Just released the latest test report for HP on its ProCurve 2520 Ethernet switch - http://www.broadband-testing.co.uk/ReportList.aspx - and the point of interest here is not that it's got plenty of Layer 2/two and a bit features and is well priced for the SMB market, but that - in any if its various incarnations - it's fully PoE enabled.

So it's not so much a switch for networking users as for networking applications - wireless APs, IP telephones, IP surveillance webcams. PoE per port prices have dropped significantly in the past 18 months, so it's now surely a case of thinking: what can we power via an Ethernet cable?

Answers in the form of comments on this blog please...

What this kind of product does show is that, in combining successfully with 3rd party products such as Avaya's IP Telephony products, the ProCurve One initiative which might have looked like just another marketing exercise around "strategic alliances" has genuine depth. Of course, it has been labelled a Cisco basher. Bring on the 3Com acquisition and that might well be true from an HP perspective. Suddenly the Cisco portfolio is beginning to look a bit "Dad's Army" and with more holes than a good slice of Leerdammer...

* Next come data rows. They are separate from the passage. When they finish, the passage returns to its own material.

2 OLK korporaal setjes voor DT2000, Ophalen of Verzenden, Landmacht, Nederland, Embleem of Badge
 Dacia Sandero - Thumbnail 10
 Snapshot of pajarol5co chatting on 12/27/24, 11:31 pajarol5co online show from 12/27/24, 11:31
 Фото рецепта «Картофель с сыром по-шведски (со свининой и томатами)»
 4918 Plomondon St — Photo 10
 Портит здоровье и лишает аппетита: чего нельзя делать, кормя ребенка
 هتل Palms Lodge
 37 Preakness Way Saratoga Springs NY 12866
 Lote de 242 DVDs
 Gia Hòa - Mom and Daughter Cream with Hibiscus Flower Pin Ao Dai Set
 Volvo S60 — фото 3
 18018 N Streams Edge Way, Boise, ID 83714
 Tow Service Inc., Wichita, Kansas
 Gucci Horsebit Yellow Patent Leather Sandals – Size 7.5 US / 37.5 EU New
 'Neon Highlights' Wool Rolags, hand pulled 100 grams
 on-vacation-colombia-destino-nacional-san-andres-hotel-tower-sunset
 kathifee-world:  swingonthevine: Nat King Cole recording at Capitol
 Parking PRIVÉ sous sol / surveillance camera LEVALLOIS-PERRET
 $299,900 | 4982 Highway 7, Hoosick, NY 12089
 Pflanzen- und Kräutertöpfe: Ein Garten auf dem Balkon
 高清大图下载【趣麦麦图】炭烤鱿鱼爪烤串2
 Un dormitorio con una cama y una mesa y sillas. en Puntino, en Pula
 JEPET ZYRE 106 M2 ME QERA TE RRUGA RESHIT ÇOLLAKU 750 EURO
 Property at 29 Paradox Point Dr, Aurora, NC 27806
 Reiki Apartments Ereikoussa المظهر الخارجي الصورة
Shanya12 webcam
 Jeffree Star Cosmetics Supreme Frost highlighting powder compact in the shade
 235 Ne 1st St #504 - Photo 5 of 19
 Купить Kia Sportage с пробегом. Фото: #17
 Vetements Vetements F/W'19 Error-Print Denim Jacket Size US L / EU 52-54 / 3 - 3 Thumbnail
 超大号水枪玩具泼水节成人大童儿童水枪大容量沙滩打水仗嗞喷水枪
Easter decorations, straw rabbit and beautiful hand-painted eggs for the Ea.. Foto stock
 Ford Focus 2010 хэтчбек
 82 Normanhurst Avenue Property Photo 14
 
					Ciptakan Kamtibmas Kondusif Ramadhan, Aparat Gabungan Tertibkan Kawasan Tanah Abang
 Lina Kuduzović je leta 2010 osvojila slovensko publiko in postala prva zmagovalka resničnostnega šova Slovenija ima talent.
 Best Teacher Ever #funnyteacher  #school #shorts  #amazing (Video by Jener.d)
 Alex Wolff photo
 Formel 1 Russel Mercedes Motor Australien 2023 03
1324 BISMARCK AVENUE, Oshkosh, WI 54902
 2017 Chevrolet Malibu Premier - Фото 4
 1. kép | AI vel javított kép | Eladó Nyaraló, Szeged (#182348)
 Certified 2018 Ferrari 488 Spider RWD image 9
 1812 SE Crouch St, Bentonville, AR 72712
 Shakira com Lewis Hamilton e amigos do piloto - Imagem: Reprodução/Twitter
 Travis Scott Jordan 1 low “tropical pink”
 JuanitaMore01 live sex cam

Meantime, my mates at jetNEXUS - watch out for the report on the company's Load-Balancer on a stick (or CD) appearing on the Broadband-Testing website any day now - have come up with a really smart little tool for identifying just how much your website performance could be improved: http://www.jetnexus.com/predictor/jetnexus.htm

This might look like a crass bit of marketing to(mfo)olery but since I've tested the jetNEXUS ALB-X product and know how good it is, I recommend you try out this predictor. And, no, I'm not going to tell you how much it said it could improve the Broadband-Testing website by....

Oh - ok, then, nothing to hide - 34% improvement is possible according to the predictor, which is not insigificant. The predictor takes a samples of web pages from the site and analyses how much improvement the jetNEXUS ALB-X could make in each case:

Size Reduction Page
122131 19% http://www.broadband-testing.co.uk/
17636 60% http://www.broadband-testing.co.uk/MobileTestLabs.aspx
17136 63% http://www.broadband-testing.co.uk/Default.aspx
17636 60% http://www.broadband-testing.co.uk/MobileTestLabs.aspx
17136 63% http://www.broadband-testing.co.uk/

So in most cases the improvement factor was actually a very significant 60%. On an eCommerce site that's the difference between a one-time customer visit and customer retention. It's useful as well as a bit of fun, but the results are there to be taken seriously. Try it out...

It's the weekend, so a quick wine tip/challenge. Try to find/buy/drink a red wine from the Ardeche region of France. I picked up a few en route back from a meeting at HP's EMEA HQ in Grenoble and they have been excellent - light, fruity and great with foods that reds don't normally go with (I'm not going to say which foods exactly- that spoils the fun).